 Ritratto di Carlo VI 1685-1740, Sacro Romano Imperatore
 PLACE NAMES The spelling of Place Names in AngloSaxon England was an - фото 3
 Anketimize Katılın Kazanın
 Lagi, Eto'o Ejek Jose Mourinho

▶ _AIM OF THE EXERCISE_
An exact reproduction of the material above is required.

▶ _TASK OUTPUT_
 Ritratto di Carlo VI 1685-1740, Sacro Romano Imperatore
 PLACE NAMES The spelling of Place Names in AngloSaxon England was an - фото 3
 Anketimize Katılın Kazanın
 Lagi, Eto'o Ejek Jose Mourinho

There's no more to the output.